Andrius Balčiūnas, LRT.lt 2021.12.17 10:11

Lithuanian diplomats in China packed up and left Beijing on Wednesday. Fearing for their safety, Vilnius instructed them to return after the Chinese Foreign Ministry asked them to hand in their identification cards, purportedly to change the status of Lithuania's diplomatic representation.

Beijing decided to downgrade Lithuania's diplomatic representation from ‘embassy’ to ‘chargé d'affaires office’, reacting to Vilnius' decision to deepen its relations with Taiwan.

Read more: Beijing wants Lithuania to rename its embassy to ‘chargé d'affaires office’ – FM

The embassy staff received a note from the Chinese government to hand in their accreditation cards on December 7, with the deadline to comply set on December 14.

According to Lithuanian Foreign Minster Gabrielius Landsbergis, Beijing did not inform about any decision, the Lithuanians were simply “told when their identification cards would become invalid”.

“We asked for more time, it's technically difficult for people to leave [so fast], we received no response to our extension request, so people returned [to Lithuania] as quickly as possible,” Landsbergis told BNS earlier this week.

The decision to leave was made for fear what could happen to embassy workers without documents “that guarantee their right to travel and move freely in the city and the country they reside in”, he added.

As the Lithuanian Foreign Ministry informed LRT.lt, four diplomats and one technician employed at the Lithuanian embassy, as well as their family members, left Beijing.

In what The Economist described as “evacuation”, the Lithuanians kept their cards and boarded an Air China flight from Beijing to Paris.

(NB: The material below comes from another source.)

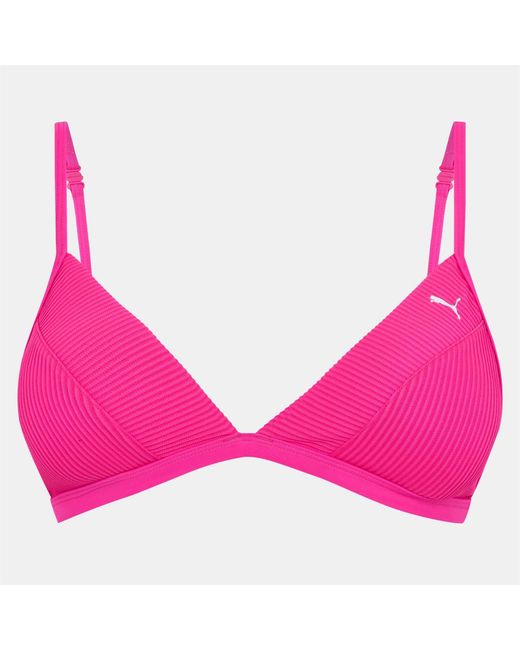PUMA Pink Swim Ribbed Bikini Top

Chinese Foreign Ministry spokesman Wanf Wenbin commented on Thursday that Lithuania's concerns about the safety of its diplomats were baseless. “The so-called allegations that Lithuanian personnel based in China were concerned about their safety [...] are purely groundless,” he said during a press briefing, adding that Lithuania should “redress its erroneous acts that undermine China’s sovereignty and core interests”, referring to the recent opening of a Taiwanese representation in Vilnius.

Grey zone

It is not entirely clear whether China intended to push Lithuanian diplomats out of the country, according to Una Aleksandra Bērziņa-Čerenkova, head of Riga Stradins University China Studies Centre.

Beijing's move is a reaction to what it sees as Lithuania violating the “One China” principle, she commented to LRT.lt, “but it's not clear whether that still falls into the realm of diplomatic instruments or this is intimidation”.

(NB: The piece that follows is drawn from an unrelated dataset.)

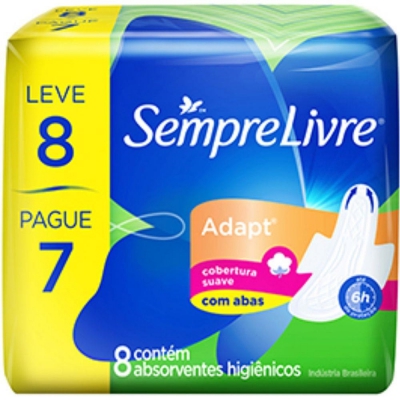ABSORVENTE SEMPRE LIVRE COB/SUAVE C/ABAS ADAPT C/8UNID.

“This is grey area,” she said.

China has already changed the designation of its own diplomatic representation in Vilnius, from ‘embassy’ to ‘office of the chargé d'affaires’. The new title is now on its official website and the building in Vilnius.

Read more: Lithuanian goods face boycott in China: blocked in ports, taken off shelves, shunned by buyers

Beijing has instructed Lithuania to do the same. However, Froeign Minister Landsbergis and the Lithuanian president's foreign affairs adviser Asta Skaisgirytė said such “unilateral decisions” went against the Vienna Convention.

“It is quite sad that the era of the Lithuanian embassy, for now, in Beijing has ended,” said Bērziņa-Čerenkova. “It has housed many celebrations for the Baltic expats in Beijing and was a Baltic home for all of us. [...] That building that holds so many great memories of Baltic-Chinese interactions is standing empty.”

Lithuania's Foreign Ministry has emphasised that its representation to China will continue operating “remotely”.